Children of a dead process normally reparent to pid 1.

Race-free process creation in the GNU C Library

Posted Sep 4, 2023 3:32 UTC (Mon) by Cyberax (✭ supporter ✭, #52523) [Link]

Ah, correct. I forgot that the code in quesiton also used the PR_SET_CHILD_SUBREAPER for some functionality.

Race-free process creation in the GNU C Library

Posted Sep 2, 2023 2:55 UTC (Sat) by Cyberax (✭ supporter ✭, #52523) [Link] (1 responses)

> There are definitely libraries doing sub-process spawning. E.g. I recently learned tensorflow does to compile some hw accelerator codes.

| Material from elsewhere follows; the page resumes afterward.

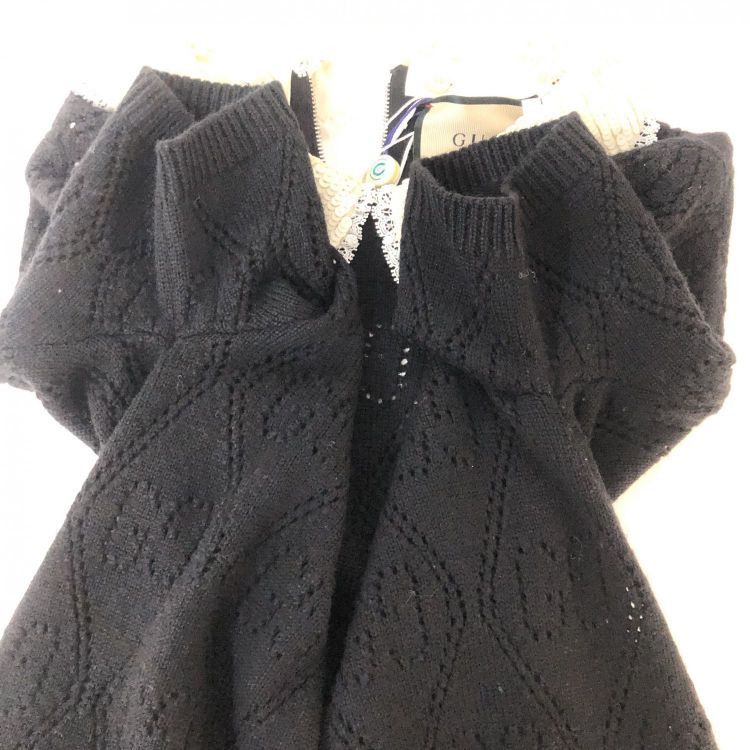 Gucci Gucci GG Knit Mini Dress with Sequin Collar XS Size XS / US 0-2 / IT 36-38 - 11 Thumbnail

Then they are quite likely unsafe, though in practice they would work fine in the vast majority of cases because typical race windows are pretty narrow. You really need malicious input and/or users to exploit that.

Race-free process creation in the GNU C Library

Posted Sep 2, 2023 4:07 UTC (Sat) by alkbyby (subscriber, #61687) [Link]

> Then they are quite likely unsafe, though in practice they would work fine in the vast majority of cases because typical race windows are pretty narrow. You really need malicious input and/or users to exploit that.

Well, your comment above about reparenting is only right for pid 1. And I am not sure how much software there is that "steals" other modules/libraries dead kids. My impression is there shouldn't be much.

I quickly inspected libuv for sub-process spawning, they don't steal. And glib. They also do the right thing (even with pidfd when available, since pidfd can be nicely polled).

With all that I am still curious what might the use-cases that people try to fix by proposed pidfd_spawn API. So far we've established it could be:

a) when process breaks wait{,pid} by ignoring SIGCHLD

b) when process has things that steal dead kids

But perhaps there are more. And I am curious how common those "bad" cases might be.